Input data section start

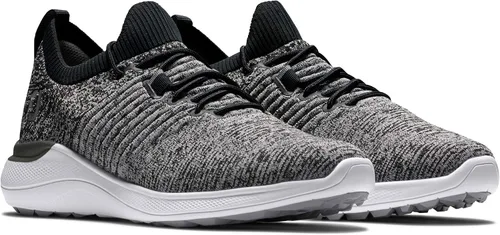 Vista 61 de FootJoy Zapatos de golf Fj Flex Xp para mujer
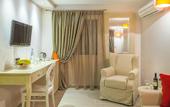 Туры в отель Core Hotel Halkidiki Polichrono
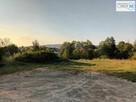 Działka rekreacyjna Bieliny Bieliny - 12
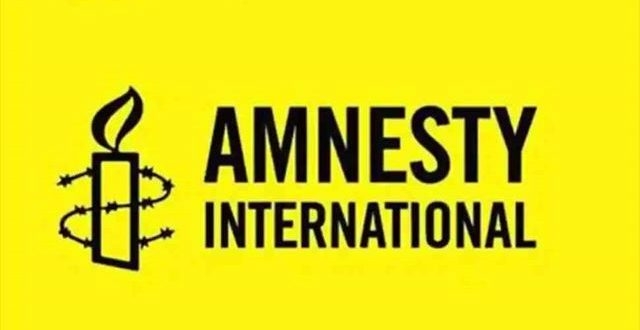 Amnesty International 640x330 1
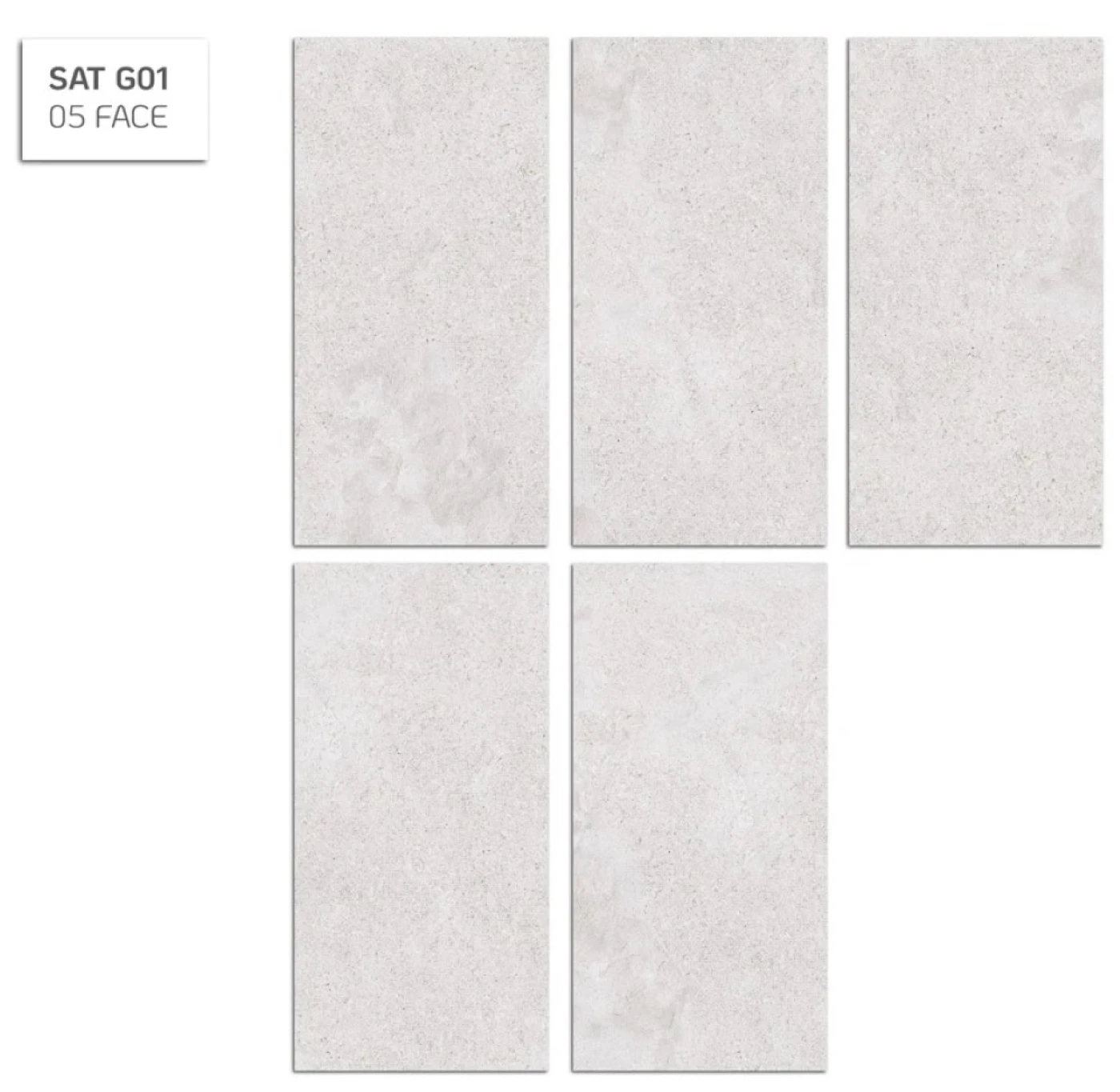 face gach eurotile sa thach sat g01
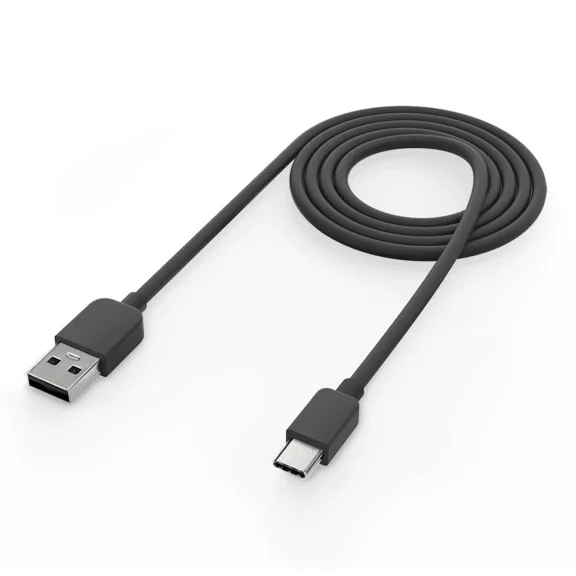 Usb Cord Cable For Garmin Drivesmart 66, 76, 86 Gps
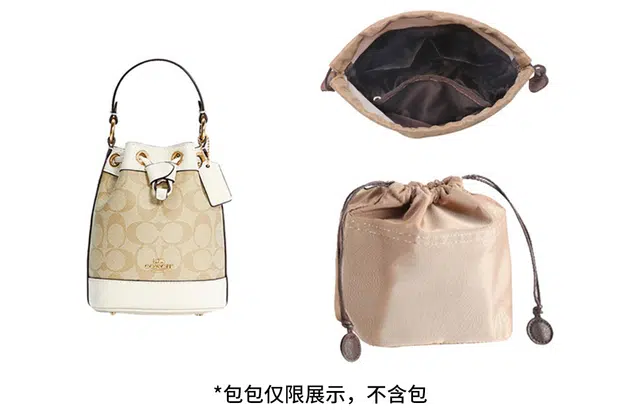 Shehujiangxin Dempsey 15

Input data section end

When you reach the line containing "face gach eurotile sa thach sat g01" in the listing above, reproduce it and every line after it through the last, exactly; omit the pictures.

 face gach eurotile sa thach sat g01
 Usb Cord Cable For Garmin Drivesmart 66, 76, 86 Gps
 Shehujiangxin Dempsey 15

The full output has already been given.